** Assignment **
Quote the whole listing word for word. Do not include the pictures.

—————

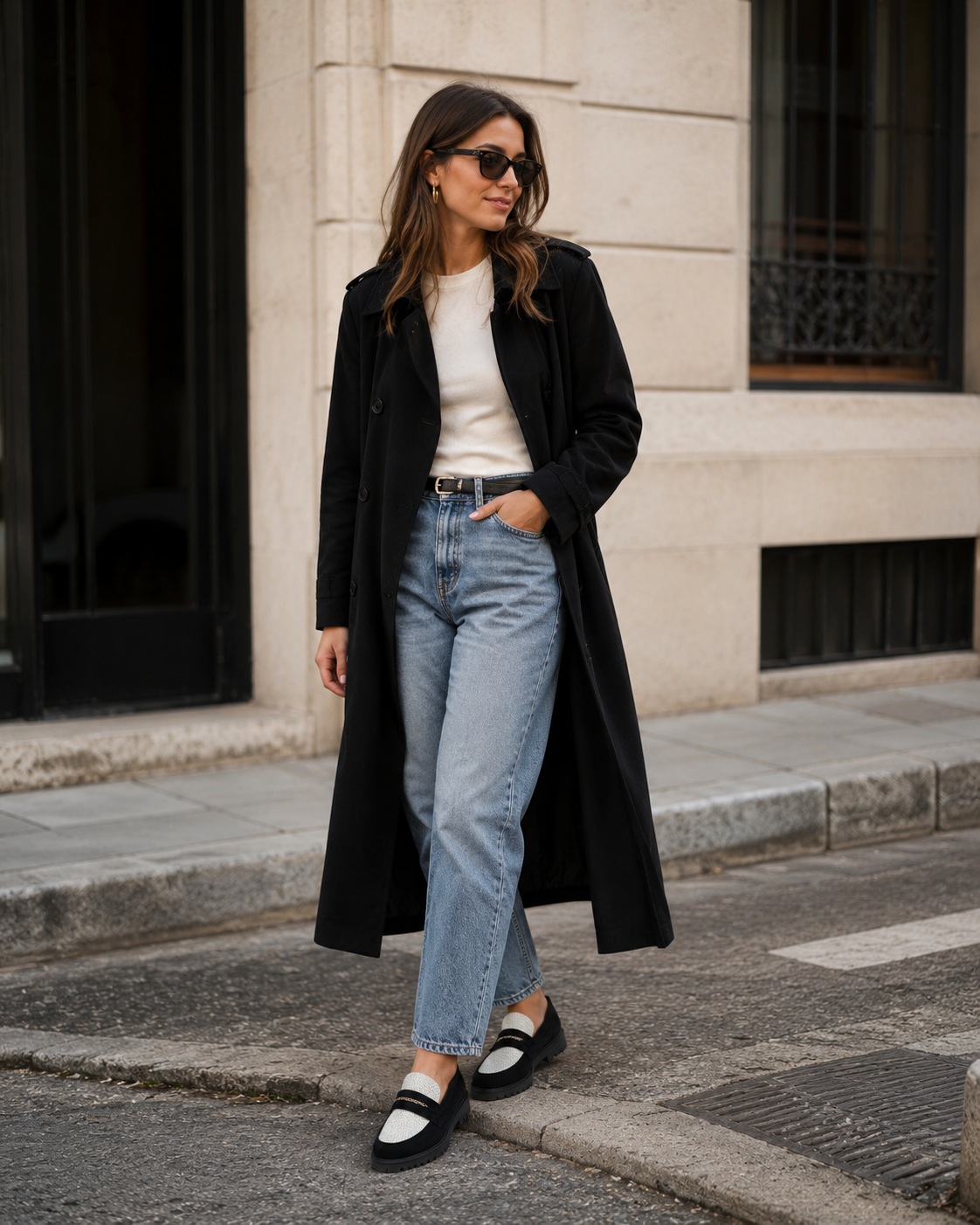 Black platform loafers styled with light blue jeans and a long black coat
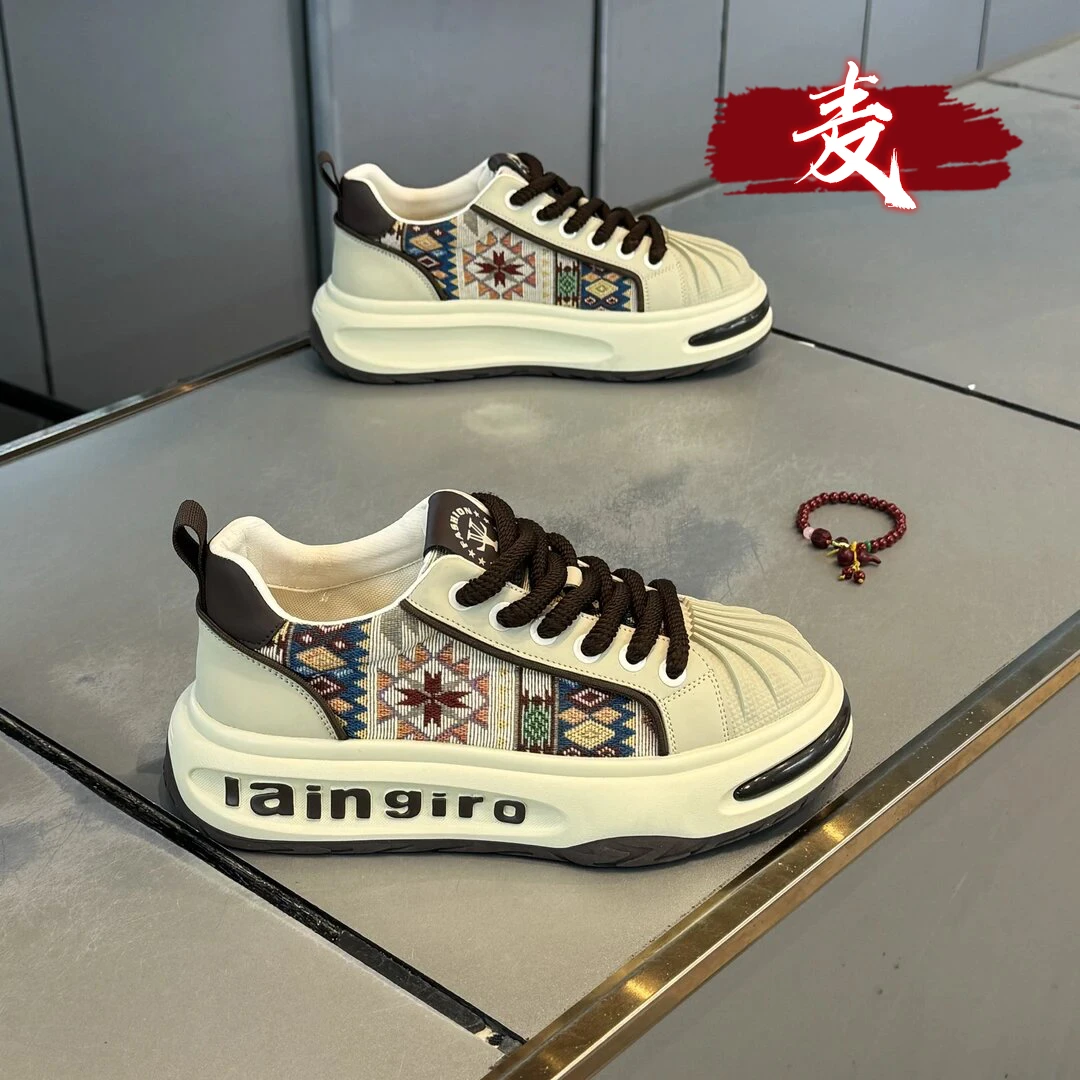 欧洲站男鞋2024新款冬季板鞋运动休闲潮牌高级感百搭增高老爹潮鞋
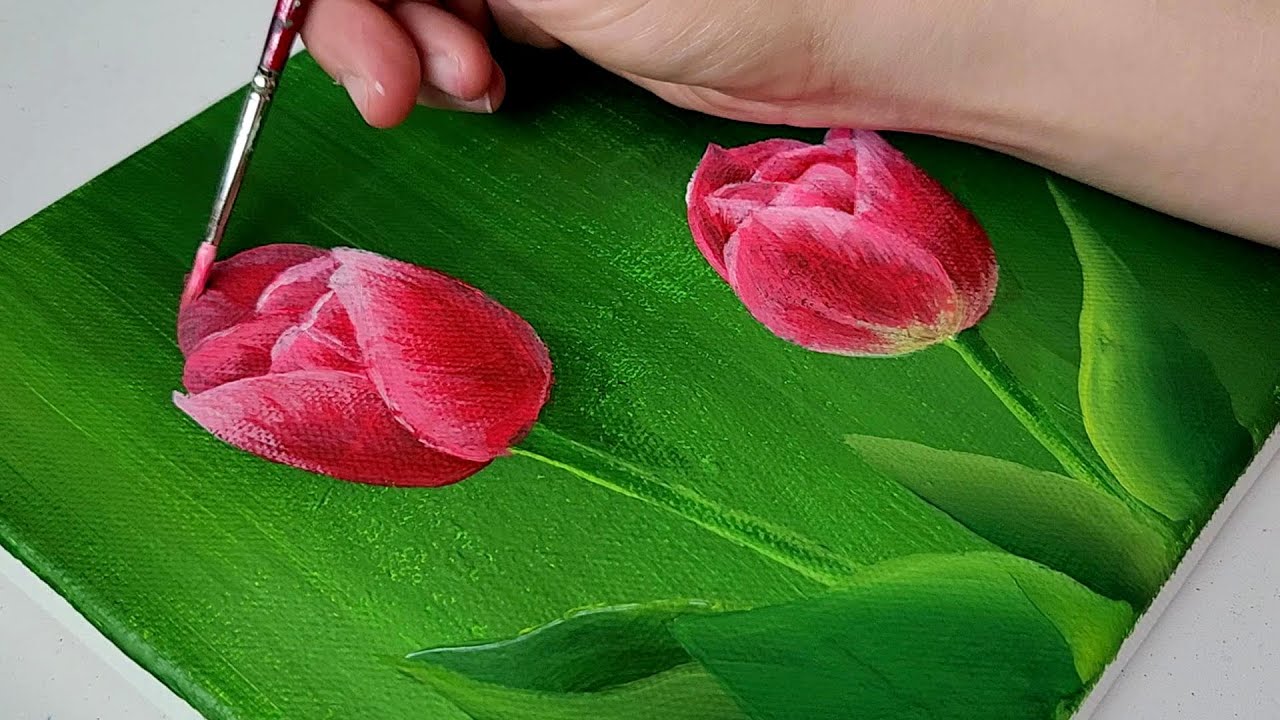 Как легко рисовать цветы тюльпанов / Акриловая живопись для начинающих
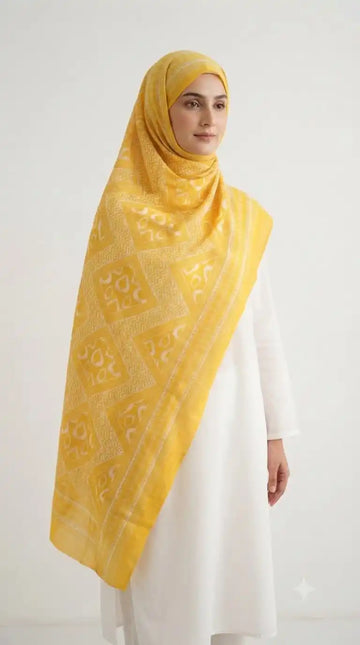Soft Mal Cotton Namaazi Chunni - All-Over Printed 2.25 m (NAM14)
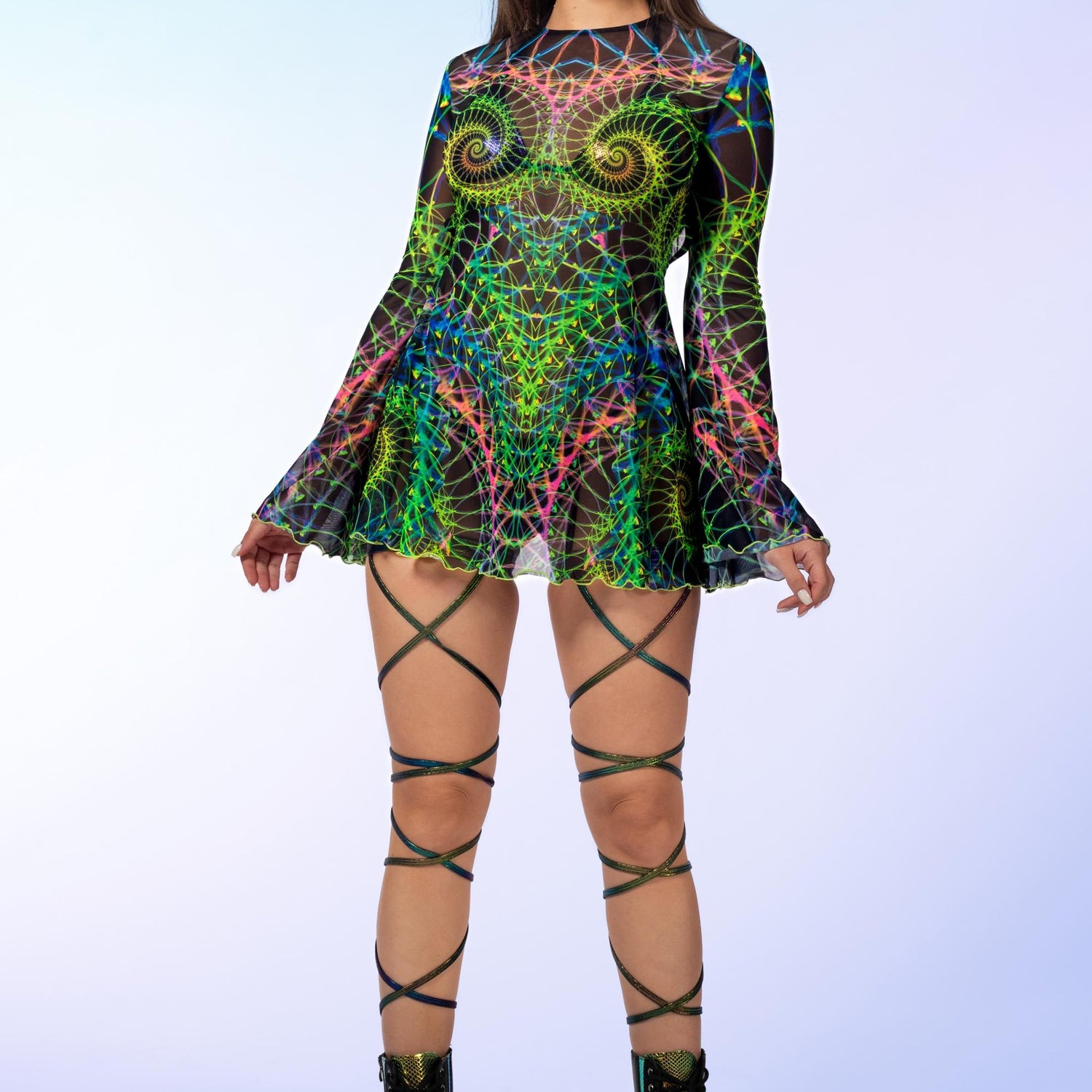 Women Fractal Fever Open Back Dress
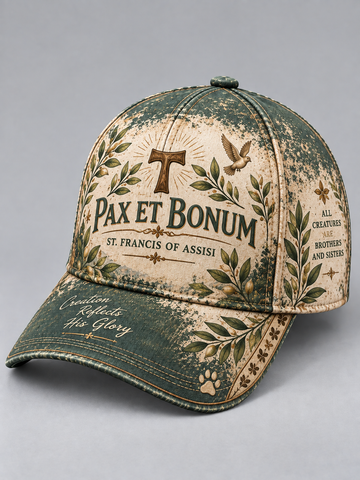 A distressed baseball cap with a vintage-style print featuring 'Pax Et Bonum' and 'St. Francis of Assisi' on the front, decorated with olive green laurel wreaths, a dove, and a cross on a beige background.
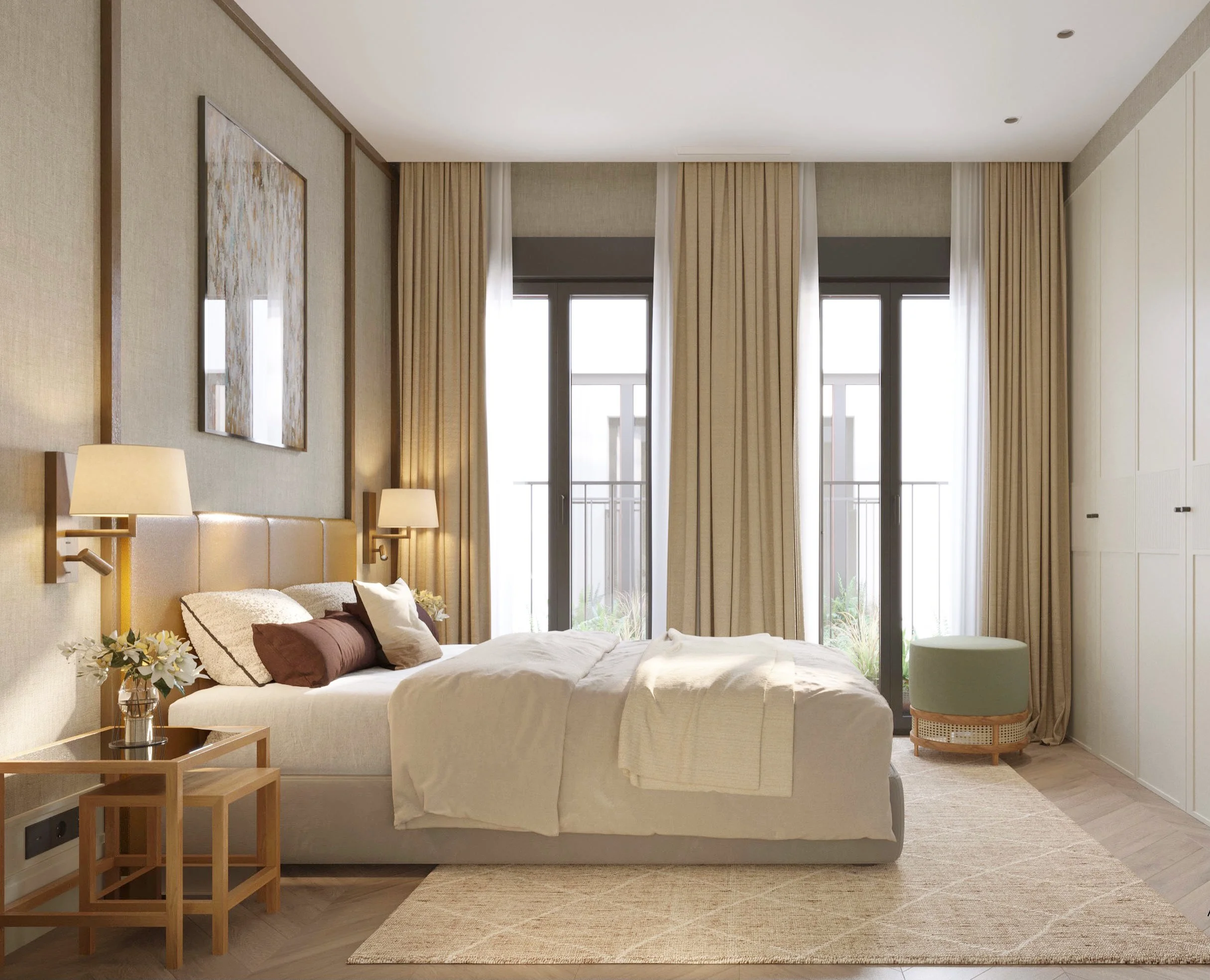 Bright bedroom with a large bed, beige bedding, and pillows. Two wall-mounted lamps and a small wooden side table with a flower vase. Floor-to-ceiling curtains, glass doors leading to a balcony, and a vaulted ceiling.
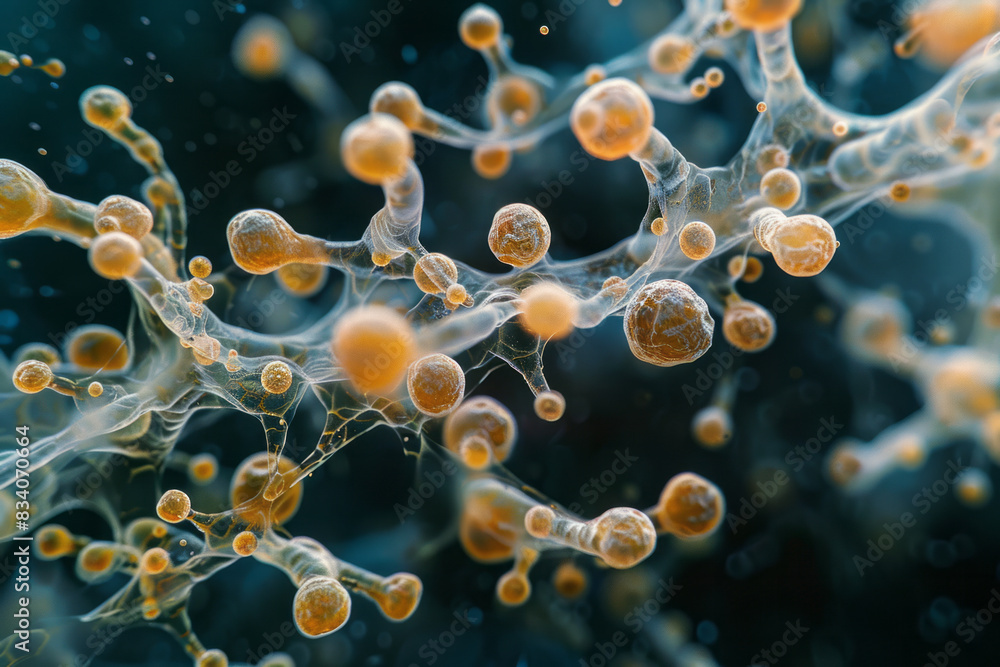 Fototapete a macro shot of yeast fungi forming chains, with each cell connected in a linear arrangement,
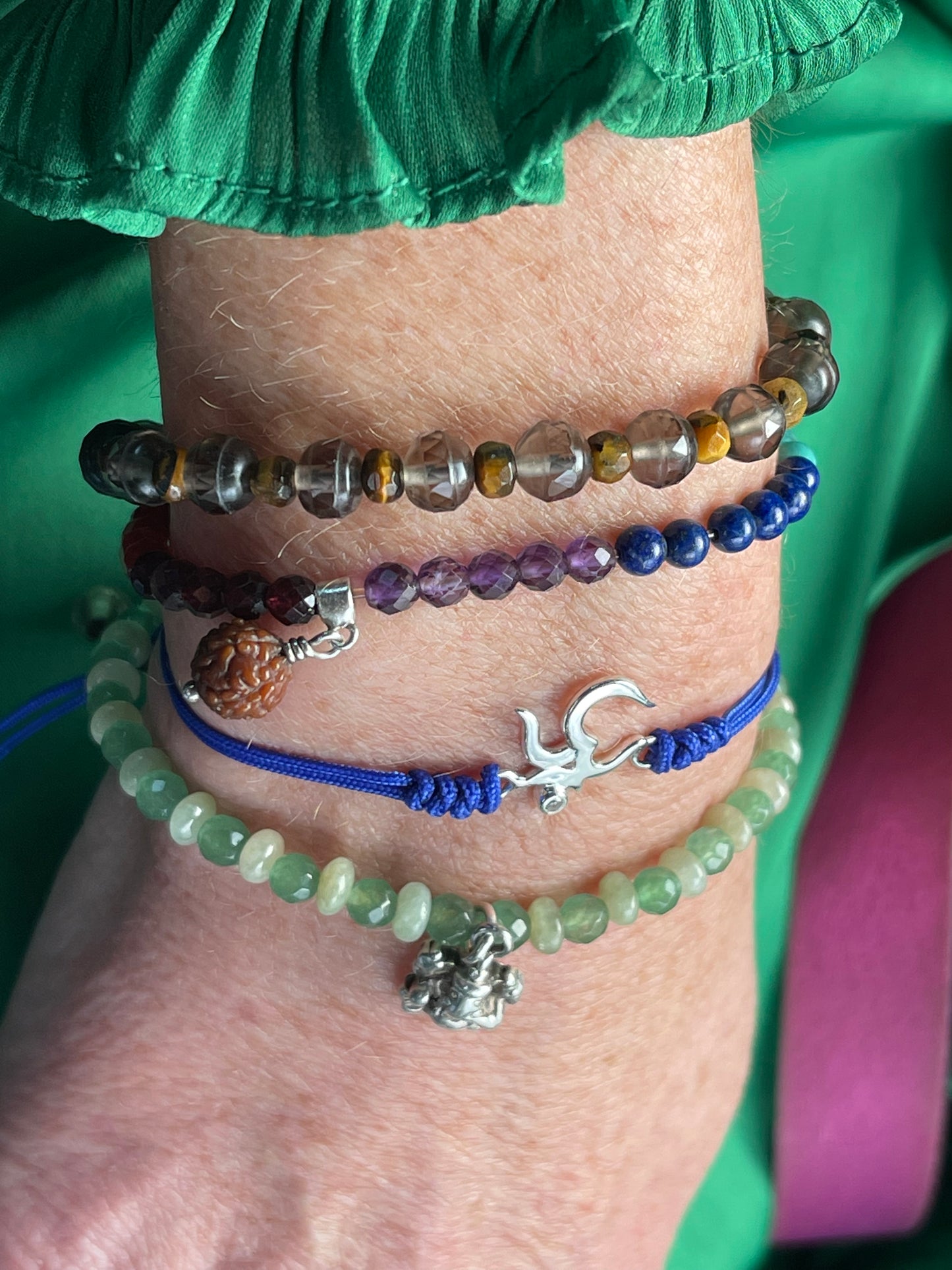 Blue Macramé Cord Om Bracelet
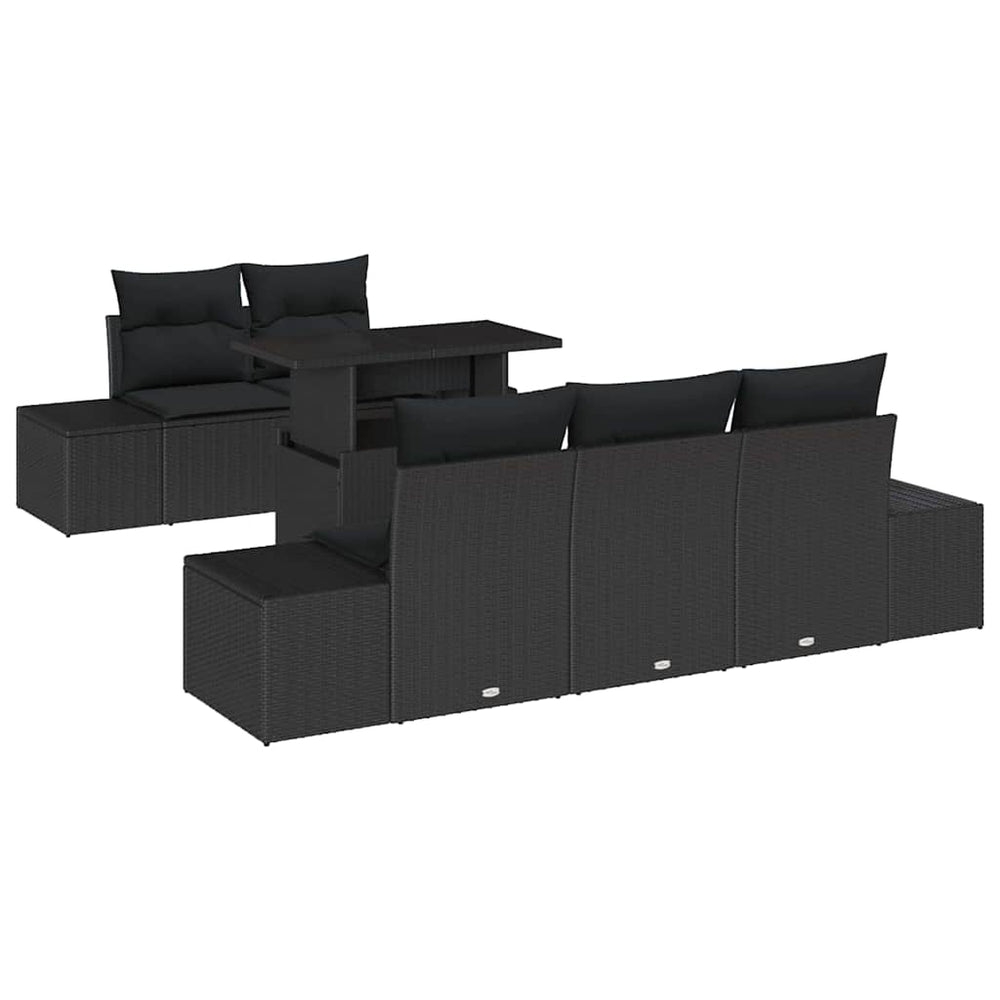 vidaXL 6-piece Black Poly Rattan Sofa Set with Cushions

—————

** Worked solution **
 Black platform loafers styled with light blue jeans and a long black coat
 欧洲站男鞋2024新款冬季板鞋运动休闲潮牌高级感百搭增高老爹潮鞋
 Как легко рисовать цветы тюльпанов / Акриловая живопись для начинающих
Soft Mal Cotton Namaazi Chunni - All-Over Printed 2.25 m (NAM14)
 Women Fractal Fever Open Back Dress
 A distressed baseball cap with a vintage-style print featuring 'Pax Et Bonum' and 'St. Francis of Assisi' on the front, decorated with olive green laurel wreaths, a dove, and a cross on a beige background.
 Bright bedroom with a large bed, beige bedding, and pillows. Two wall-mounted lamps and a small wooden side table with a flower vase. Floor-to-ceiling curtains, glass doors leading to a balcony, and a vaulted ceiling.
 Fototapete a macro shot of yeast fungi forming chains, with each cell connected in a linear arrangement,
 Blue Macramé Cord Om Bracelet
 vidaXL 6-piece Black Poly Rattan Sofa Set with Cushions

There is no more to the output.